Genworth, the large private mortgage insurance firm spun-off from General Electric, now offers a discount for buyer of energy efficient houses. (OK -- Genworth implemented this policy in Canada -- but reports suggest it's coming to the US market....
Genworth is validating that the risk of loss to the mortgage lender is lower when the borrower is in a more energy efficient house.
The policy makes a ton of sense. Attributes of an energy efficient house -- better air sealing, more insulation, high performance appliances -- are attributes of a well-built house. These measures make a house more valuable. If the borrower gets into income trouble and can't afford the mortgage payments, a more efficient house will likely hold its value better than a house built to lower standards.
And home value is a strong predictor of lender losses -- if a borrower has home equity, default is rare because the house can be sold for more than the mortgage. For more on that, see this paper by economist John Campbell.
A more efficient house also means lower energy expenses, so the borrower might not get into income trouble in the first place. And, these lower expenses are one reason an efficient house is more valuable.
A funny thing about the mortgage market is that this kind of policy can be self-fulfilling. The fact that more energy efficient houses are more valuable is a basis for the Genworth policy to give a discount, but it's also likely to be an outcome of the policy. That is, the discount on mortgage insurance should allow some borrowers to pay more for energy efficient houses and increase demand for those houses among homebuyers.
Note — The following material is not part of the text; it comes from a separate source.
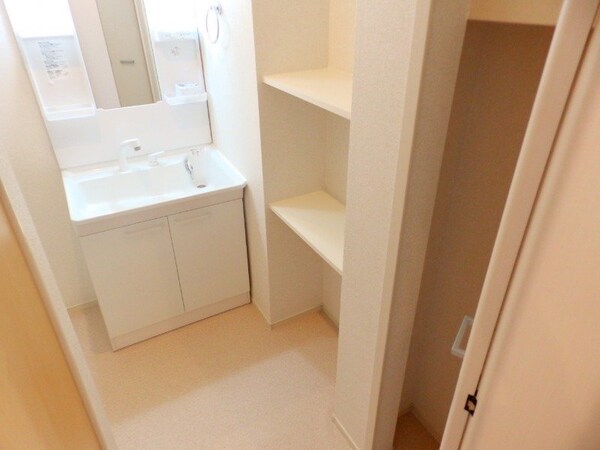 洗面所(同タイプの部屋写真です。)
This effect should remind lenders, investors, appraisers, and others how the current, conventional policy can be self-fulfilling in the opposite direction -- loan policies that make it difficult for a borrower to borrow more to pay a premium for a more energy efficient house can inhibit the very evidence needed to support policy correction.
While most U.S. mortgage borrowers don't get private mortgage insurance, the fact that Genworth has adopted this new policy should be a strong signal to lenders, investors, appraisers, and others to continually assess how the value of energy efficiency is reflected in the property value and the loan.